Savisaar Rosina, Hurst Laurence D
The Milner Centre for Evolution, Department of Biology and Biochemistry, University of Bath, Bath, United Kingdom.
Mol Biol Evol. 2017 May 1;34(5):1110-1126. doi: 10.1093/molbev/msx061.
While the principal force directing coding sequence (CDS) evolution is selection on protein function, to ensure correct gene expression CDSs must also maintain interactions with RNA-binding proteins (RBPs). Understanding how our genes are shaped by these RNA-level pressures is necessary for diagnostics and for improving transgenes. However, the evolutionary impact of the need to maintain RBP interactions remains unresolved. Are coding sequences constrained by the need to specify RBP binding motifs? If so, what proportion of mutations are affected? Might sequence evolution also be constrained by the need not to specify motifs that might attract unwanted binding, for instance because it would interfere with exon definition? Here, we have scanned human CDSs for motifs that have been experimentally determined to be recognized by RBPs. We observe two sets of motifs-those that are enriched over nucleotide-controlled null and those that are depleted. Importantly, the depleted set is enriched for motifs recognized by non-CDS binding RBPs. Supporting the functional relevance of our observations, we find that motifs that are more enriched are also slower-evolving. The net effect of this selection to preserve is a reduction in the over-all rate of synonymous evolution of 2-3% in both primates and rodents. Stronger motif depletion, on the other hand, is associated with stronger selection against motif gain in evolution. The challenge faced by our CDSs is therefore not only one of attracting the right RBPs but also of avoiding the wrong ones, all while also evolving under selection pressures related to protein structure.

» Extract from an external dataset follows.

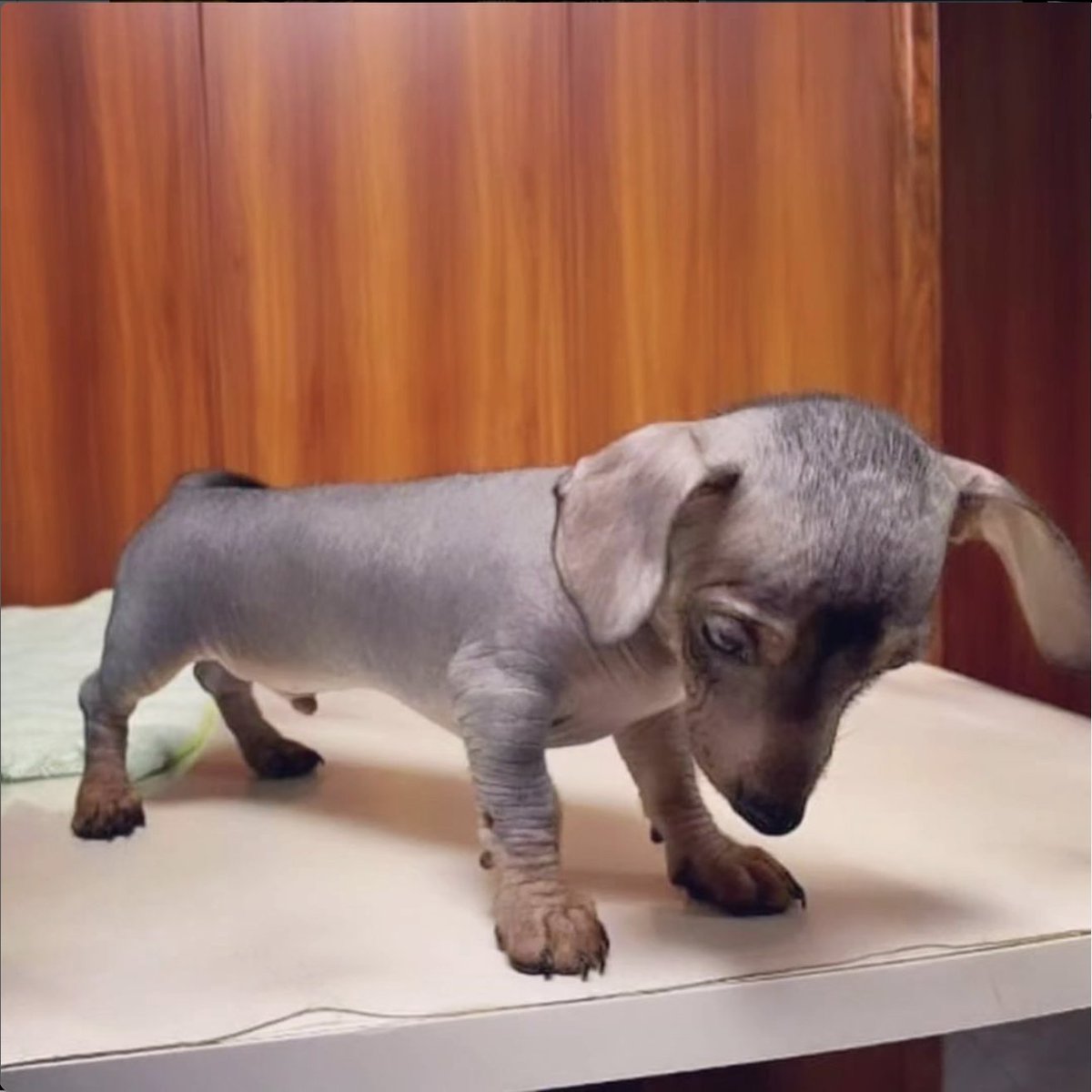 Ladeez and gents... the world's first hairless Dachshund. These cold sausage rolls are freshly minted by plonkers in Birmingham looking for the next big thing now the bottom has dropped out of the extreme French Bulldog market. #yourbreedisnext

虽然指导编码序列(CDS)进化的主要力量是对蛋白质功能的选择,但为确保正确的基因表达,CDS还必须与RNA结合蛋白(RBP)保持相互作用。了解我们的基因如何受到这些RNA水平压力的影响,对于诊断和改进转基因是必要的。然而,维持RBP相互作用的必要性对进化的影响仍未得到解决。编码序列是否受到指定RBP结合基序的需求的限制?如果是这样,受影响的突变比例是多少?序列进化是否也会受到避免指定可能吸引不必要结合的基序的需求的限制,例如因为它会干扰外显子定义?在这里,我们扫描了人类CDS,寻找已通过实验确定可被RBP识别的基序。我们观察到两组基序——在核苷酸控制的对照中富集的基序和减少的基序。重要的是,减少的基序集中富含非CDS结合RBP识别的基序。支持我们观察结果的功能相关性,我们发现富集程度更高的基序进化也更慢。这种选择保留的净效应是灵长类动物和啮齿动物的同义进化总体速率降低2-3%。另一方面,更强的基序减少与进化中对基序获得的更强选择相关。因此,我们的CDS面临的挑战不仅是吸引正确的RBP,而且是避免错误的RBP,同时还要在与蛋白质结构相关选择压力下进化。